Plummeting television prices draw shoppers Televisions were some of the hottest-selling products this holiday shopping season, and thanks to fundamental supply and demand principles, prices have dropped precipitously over the past few years.

Stores selling televisions and other electronic products once derived a significant amount of revenue and profits from television sales. Over the past decade, the introduction and subsequent soaring popularity of LCD and other flat screen televisions helped drive a surge in buying, with consumers flocking to stores to take advantage of the latest in high-definition technology.

However, those days are over. Television prices have dropped significantly over the past few years. As sales soared, more manufacturers entered the market segment, affirming the economic axiom of profits attract entry. As opposed to the mid-2000s, when only a handful of companies produced flat screen televisions, scores of companies currently do so, as they endeavor to offset a loss in revenue in other divisions.

The uptick in television manufacturers is squeezing profits not only at such companies, but also at the retailers who sell them, The New York Times reports. Televisions that fetched upward of $6,000 only a few years ago are now selling for less than $2,500, television salesman Ram Lall told The Times.
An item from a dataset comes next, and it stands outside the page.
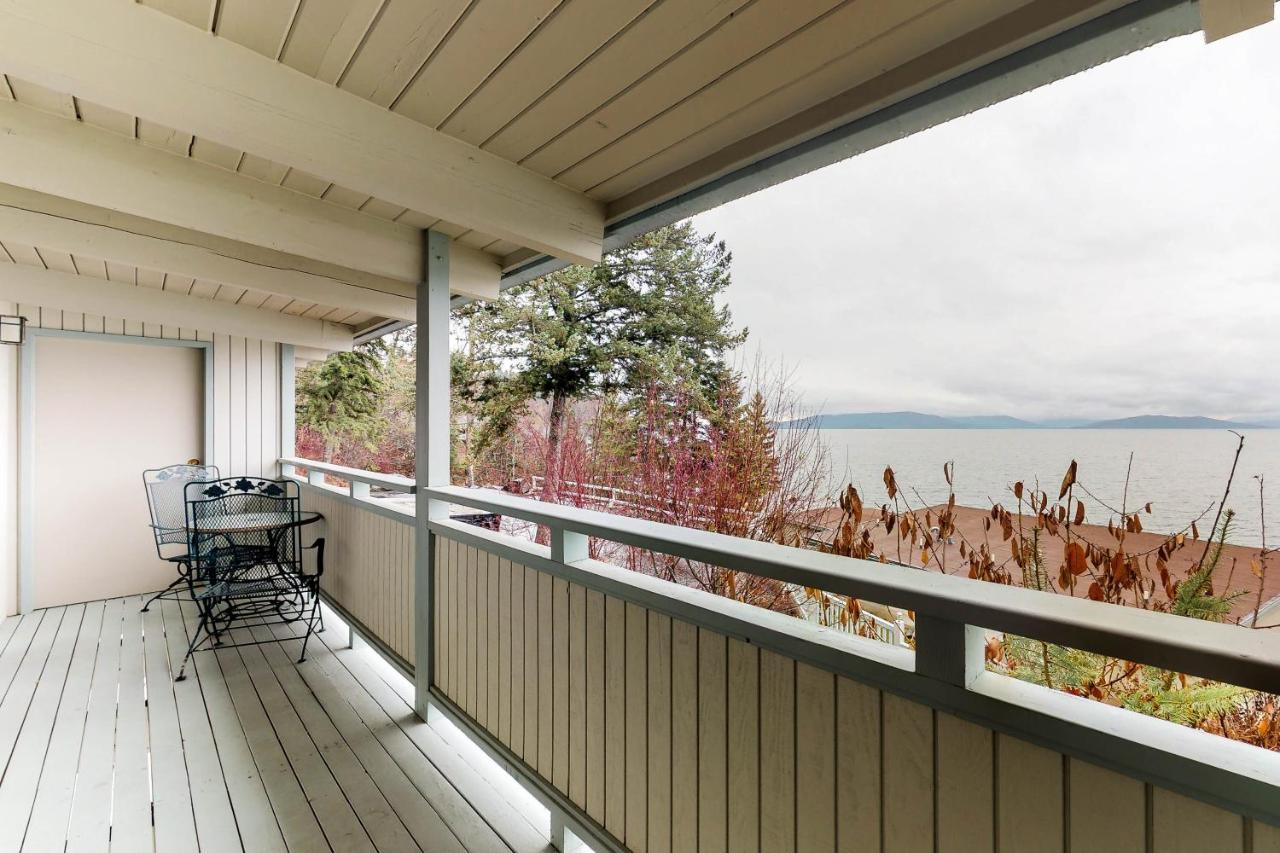 Many Springs Lakefront Condos Bigfork Room photo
"We are making less money because the company is forcing us to slash prices," he affirmed.

Televisions have become so cheap to produce over the past few years that companies that produce them have largely squeezed all the profits they can from the production process. In an effort to reignite the segment, some firms have implemented cost reduction programs, while others have contracted with procurement consultants and supply chain management companies.

Consumers are benefiting from the drop in prices, but retail stores and manufacturers are hurting, a set of circumstances that has defined the holiday shopping season and, to an extent, all of 2011. With retailers representing all corners of the shopping spectrum now selling televisions - Wal-Mart, Best Buy, Target and Sears, among others - store executives are mostly limited in their ability to raise prices to offset the squeeze in profits. If one store were to raise prices, shoppers would simply flock to other stores, experts say.
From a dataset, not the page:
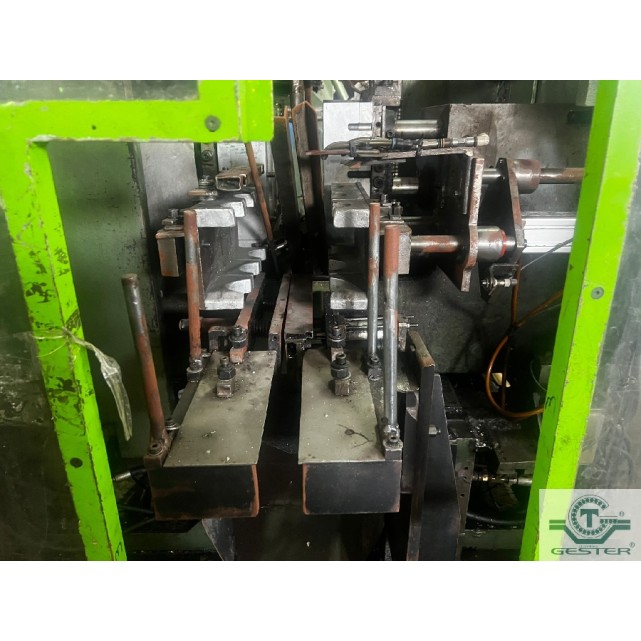 Blowing machine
Best Buy announced quarterly earnings earlier in the month, disappointing investors and analysts. Company executives asserted aggressive price reductions had helped fuel revenue growth - albeit slightly - but they conceded such tactics had eroded the company's profits, which sunk 29 percent compared to the same period the year prior.

Nevertheless, though profit growth has lagged, sales have remained relatively robust. This has prompted  firms such as Sony, Toshiba and Panasonic - whose earnings have slumped over the past few years - to overhaul television operations. Drastic times, experts say, call for drastic supply chain consulting measures.
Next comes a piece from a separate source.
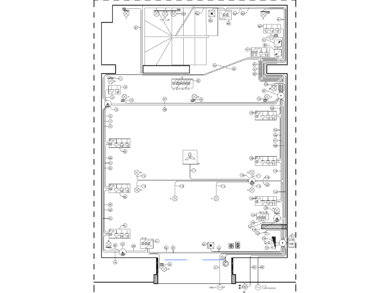 Distribución de puntos eléctricos y conexiones DWG con símbolos de iluminación, referencias numeradas y recorridos sobre una planta arquitectónica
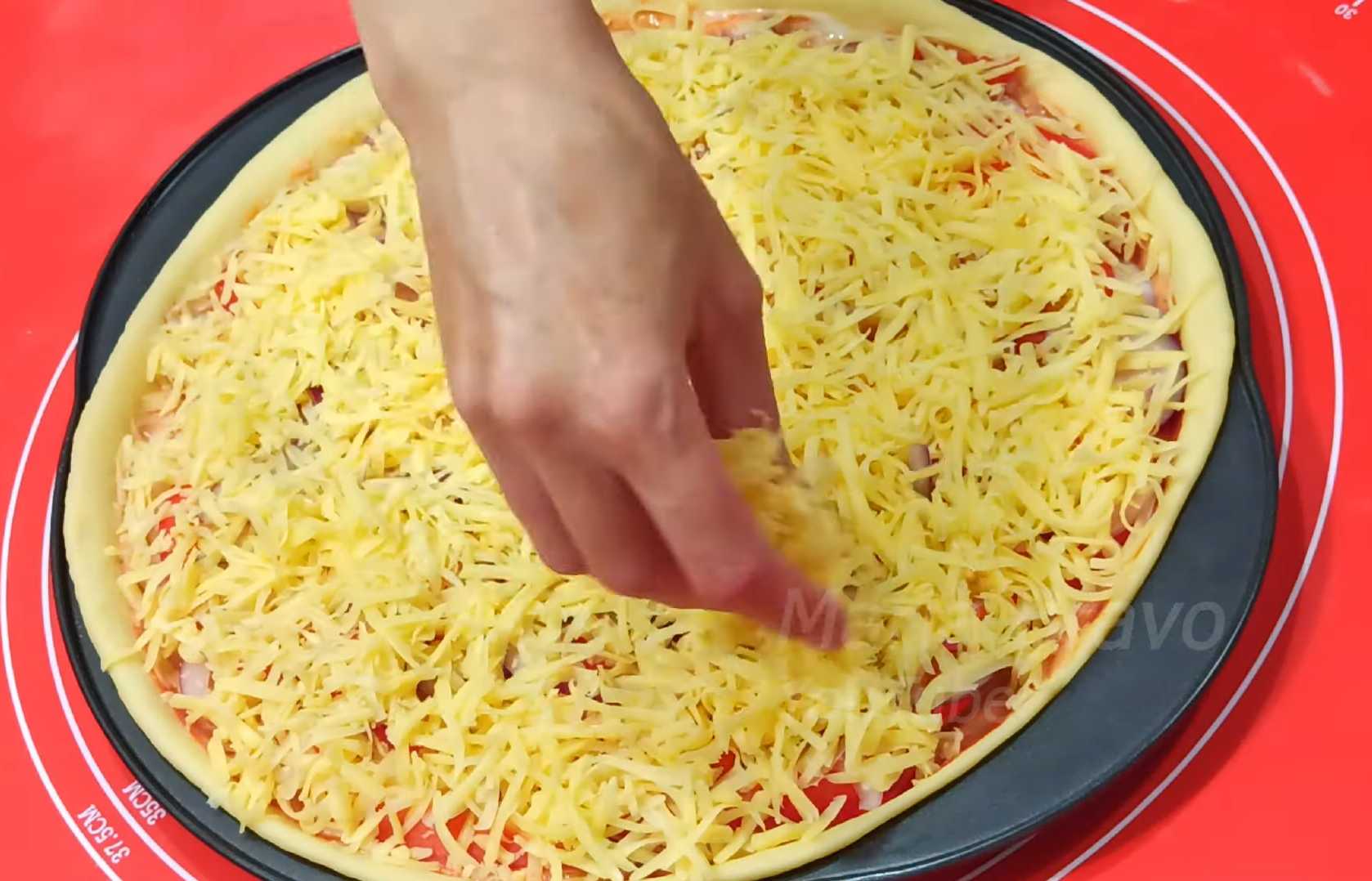 Пицца с копченой курицей в духовке-Шаг 8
Sony, which has sunk from its heyday as the world's most popular and innovative electronic company, announced this week it would end its partnership with Samsung. The two companies inked a deal in 2004 as they sought to take advantage of the beginning of the boom in television sales, but their LCD joint-venture has become unprofitable for Sony, whose business model differs significantly from Samsung.

Samsung manufactures and sells the electronic components that make up a wide range of electronic products. The company produces critical chips for Apple's iPhone and iPad, among its many strategic agreements, and it will pay Sony nearly $1 billion to assume its stake in the partnership, according to a press release.

With Americans unlikely to ratchet up consumer spending anytime soon, companies are overhauling spend management and indirect spend as they adjust to a consumer climate that has become the new normal.